Skip to content

Haystack: Anomaly detection and alerting

kpeswani edited this page Feb 21, 2019 · 8 revisions

High Level Architecture

The diagram below shows high level overview of haystack integration with expedia's open-source adaptive-alerting and alert-management system.

Ideology

The ideology for the above design is to decouple haystack with alerting system, so that any alerting system can be integrated with haystack as per the needs. Only the integration sub-system within haystack needs to be replaced.

To incorporate the ideology, the sub-system should be based on following principles :

  • The sub-system should have a mapper to map haystack-trends to a format understood by alerting system.
  • The sub-system should implement an interface for anomalies to be queried by Haystack UI.

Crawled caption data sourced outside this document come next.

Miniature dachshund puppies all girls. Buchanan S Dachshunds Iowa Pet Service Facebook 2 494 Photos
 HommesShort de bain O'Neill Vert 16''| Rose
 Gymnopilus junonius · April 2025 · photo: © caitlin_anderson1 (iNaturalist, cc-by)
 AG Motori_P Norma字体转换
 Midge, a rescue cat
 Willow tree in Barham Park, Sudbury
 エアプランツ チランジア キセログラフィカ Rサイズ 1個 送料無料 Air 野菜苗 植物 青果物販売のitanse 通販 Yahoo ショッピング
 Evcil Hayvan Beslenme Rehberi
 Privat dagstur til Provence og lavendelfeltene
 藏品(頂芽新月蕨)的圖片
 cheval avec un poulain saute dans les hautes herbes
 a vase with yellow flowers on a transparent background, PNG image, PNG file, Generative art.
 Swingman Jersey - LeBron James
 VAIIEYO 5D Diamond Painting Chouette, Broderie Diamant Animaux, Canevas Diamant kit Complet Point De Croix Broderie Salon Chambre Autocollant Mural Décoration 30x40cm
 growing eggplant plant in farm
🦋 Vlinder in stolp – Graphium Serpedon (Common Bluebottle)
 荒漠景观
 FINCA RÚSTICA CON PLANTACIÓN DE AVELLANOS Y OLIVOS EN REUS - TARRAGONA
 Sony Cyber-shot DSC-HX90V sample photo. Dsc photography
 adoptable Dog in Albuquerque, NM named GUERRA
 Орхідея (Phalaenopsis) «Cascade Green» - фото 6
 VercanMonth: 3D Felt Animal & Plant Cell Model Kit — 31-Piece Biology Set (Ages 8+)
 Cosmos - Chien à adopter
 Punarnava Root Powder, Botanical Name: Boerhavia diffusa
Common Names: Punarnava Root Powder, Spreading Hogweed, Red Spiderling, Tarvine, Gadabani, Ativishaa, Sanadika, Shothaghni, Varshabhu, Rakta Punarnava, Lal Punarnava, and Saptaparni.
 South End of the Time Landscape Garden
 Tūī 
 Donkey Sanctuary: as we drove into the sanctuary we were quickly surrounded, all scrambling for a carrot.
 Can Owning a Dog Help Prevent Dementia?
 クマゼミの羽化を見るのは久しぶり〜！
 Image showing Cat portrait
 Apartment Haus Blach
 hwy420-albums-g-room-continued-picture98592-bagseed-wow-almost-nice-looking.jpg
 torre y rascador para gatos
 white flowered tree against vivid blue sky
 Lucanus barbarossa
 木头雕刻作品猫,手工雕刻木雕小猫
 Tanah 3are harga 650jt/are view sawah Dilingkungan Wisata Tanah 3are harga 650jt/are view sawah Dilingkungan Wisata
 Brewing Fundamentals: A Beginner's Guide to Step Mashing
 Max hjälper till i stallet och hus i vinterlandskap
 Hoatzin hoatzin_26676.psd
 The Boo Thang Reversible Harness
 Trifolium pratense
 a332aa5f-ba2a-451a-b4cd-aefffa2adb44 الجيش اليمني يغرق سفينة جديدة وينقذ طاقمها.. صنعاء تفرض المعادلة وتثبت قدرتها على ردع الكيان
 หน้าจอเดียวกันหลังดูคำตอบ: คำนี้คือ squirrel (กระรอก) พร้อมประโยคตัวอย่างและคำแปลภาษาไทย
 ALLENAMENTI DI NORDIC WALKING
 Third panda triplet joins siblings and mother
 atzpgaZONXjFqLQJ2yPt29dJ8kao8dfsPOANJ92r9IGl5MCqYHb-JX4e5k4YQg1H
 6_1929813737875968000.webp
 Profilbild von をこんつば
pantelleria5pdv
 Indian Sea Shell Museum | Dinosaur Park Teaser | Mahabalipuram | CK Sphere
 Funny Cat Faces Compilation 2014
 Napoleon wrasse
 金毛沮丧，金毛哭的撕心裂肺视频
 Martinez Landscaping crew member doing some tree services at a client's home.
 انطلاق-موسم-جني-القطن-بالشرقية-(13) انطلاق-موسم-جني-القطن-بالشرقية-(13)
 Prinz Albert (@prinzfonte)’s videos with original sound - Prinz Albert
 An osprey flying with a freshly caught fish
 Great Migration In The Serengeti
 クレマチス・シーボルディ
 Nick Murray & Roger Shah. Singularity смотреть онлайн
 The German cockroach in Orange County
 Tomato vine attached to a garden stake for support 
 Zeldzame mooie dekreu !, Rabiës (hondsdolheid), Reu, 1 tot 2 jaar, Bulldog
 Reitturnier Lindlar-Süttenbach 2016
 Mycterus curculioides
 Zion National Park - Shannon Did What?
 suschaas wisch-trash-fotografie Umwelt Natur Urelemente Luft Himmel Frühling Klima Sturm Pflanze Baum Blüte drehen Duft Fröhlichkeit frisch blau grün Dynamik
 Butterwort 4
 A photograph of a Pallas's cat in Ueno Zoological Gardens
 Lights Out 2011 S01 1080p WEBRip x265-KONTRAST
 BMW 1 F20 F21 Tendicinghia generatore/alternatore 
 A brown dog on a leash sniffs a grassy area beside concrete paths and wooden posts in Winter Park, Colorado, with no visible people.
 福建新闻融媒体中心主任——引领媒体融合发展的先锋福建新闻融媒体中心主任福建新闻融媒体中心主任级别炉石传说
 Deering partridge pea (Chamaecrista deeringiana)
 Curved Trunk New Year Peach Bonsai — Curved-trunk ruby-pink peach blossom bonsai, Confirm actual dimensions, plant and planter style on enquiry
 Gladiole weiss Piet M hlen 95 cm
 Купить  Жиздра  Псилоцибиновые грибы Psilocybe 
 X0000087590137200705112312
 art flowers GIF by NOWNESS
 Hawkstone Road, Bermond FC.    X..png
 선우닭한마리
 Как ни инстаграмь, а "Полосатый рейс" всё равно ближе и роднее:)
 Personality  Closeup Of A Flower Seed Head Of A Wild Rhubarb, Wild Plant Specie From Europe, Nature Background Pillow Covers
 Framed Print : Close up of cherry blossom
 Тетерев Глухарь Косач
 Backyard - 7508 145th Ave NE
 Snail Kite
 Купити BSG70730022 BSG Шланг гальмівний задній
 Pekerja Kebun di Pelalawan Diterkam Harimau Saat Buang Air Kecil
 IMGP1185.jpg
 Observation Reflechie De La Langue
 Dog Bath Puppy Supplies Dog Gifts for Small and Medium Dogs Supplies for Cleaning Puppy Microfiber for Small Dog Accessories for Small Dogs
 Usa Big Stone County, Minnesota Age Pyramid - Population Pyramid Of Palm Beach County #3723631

Adaptive Alerting Integration

There will be a sub-system Haystack-Alerting. The responsibility of the sub-system is

  • Map the trends produced by haystack-trends into a format understood by the adaptive-alerting system. Haystack-trends will produce data in metrics 2.0 format and adaptive-alerting system consumes data in the same format.Hence, the mapper is not required and adaptive-alerting can directly consume trends from metrics topic. But, keeping this bridge would enable haystack to replace adaptive-alerting system with another one.
  • Implement an interface for Haystack UI to interact with subscription management feature of the Alert management. This would enable haystack consumers to subscribe on alerts.
  • Store the anomalies produced by Adaptive-Alerting into a persistent store such as ElasticSearch and implement an interface for Haystack UI to query anomalies so that they can be shown on UI.

Flow of data

Haystack-trends will produce trends in metrics topic. The adaptive-alerting system will consume the trends to produce anomalies. The anomalies will then be consumed by anomaly-store sub-system within haystack-alerting system and stored in elasticsearch. An api store called alert-api will act as an interface for Haystack UI to query anomalies from elasticsearch and do subscription management.

Anomaly vs Alert

A anomaly is a deviation from normal or expected behaviour. But, not all anomalies are alerts. An alert is an anomaly on which some action needs to be taken. For eg: we might only notify owners of the data about anomalous behaviour in a service only in case of an alert. An alert can be defined as a root cause of the anomalous behaviour of several services.